When share prices get as high as they are for both Amazon and Alphabet, there’s also a lot of chatter about splitting the stocks to make them more accessible by retail investors. According to experts, exchanges operate best when stocks are between $20 and $80.
Alphabet’s Valuation Problem
Alphabet is approaching a market value of $700 billion. Some question the basis for that valuation. For example, Morgan Stanley has suggested Alphabet’s autonomous driving technology division, Waymo, is worth $70 billion. Though this is a potential future valuation, the market has already priced this in with a $50 bump in the last few trading days.
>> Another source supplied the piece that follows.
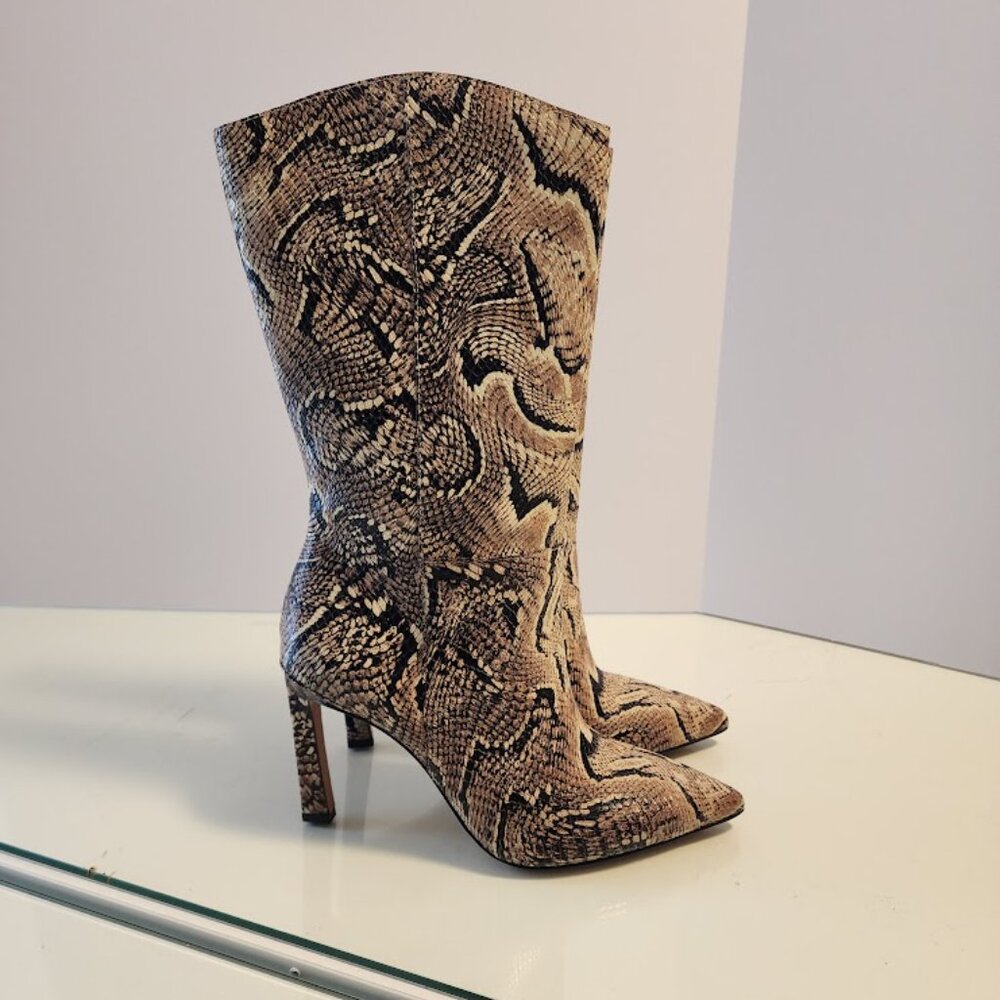 Vince Camuto Tan Snake Print Leather Mid-Calf Heeled Boots - Picture 3 of 11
Waymo’s valuation assumes the company would generate about $1.25 per mile in revenues which some find a leap at best. Compared with the cost of car ownership – versus the Alphabet model of transportation as a service – the spread seems higher than most consumers would willingly pay according to some observers.
Amazon By The Numbers
Amazon is up 32.5% year-to-date and also appeared close to that magical $1,000 benchmark at the end of last week. Analysts are optimistic with a $1,095 12-month price target on the stock. Other internet stocks are not faring as well with Facebook Inc. (NASDAQ:FBD) sitting near $150 and Netflix, Inc. (NASDAQ:NFLXC) around $160. This has caused less optimistic observers to question the valuation of internet stocks in general, including Amazon.
Amazon does some things going for it. The company has turned a profit for 8 straight quarters, mostly on the back of Amazon Web Services. Though the retail segment is less profitable, it is wildly popular and forcing retailers like Wal-Mart Stores Inc. (NYSE:WMTC) and others to totally upend their practices in order to compete.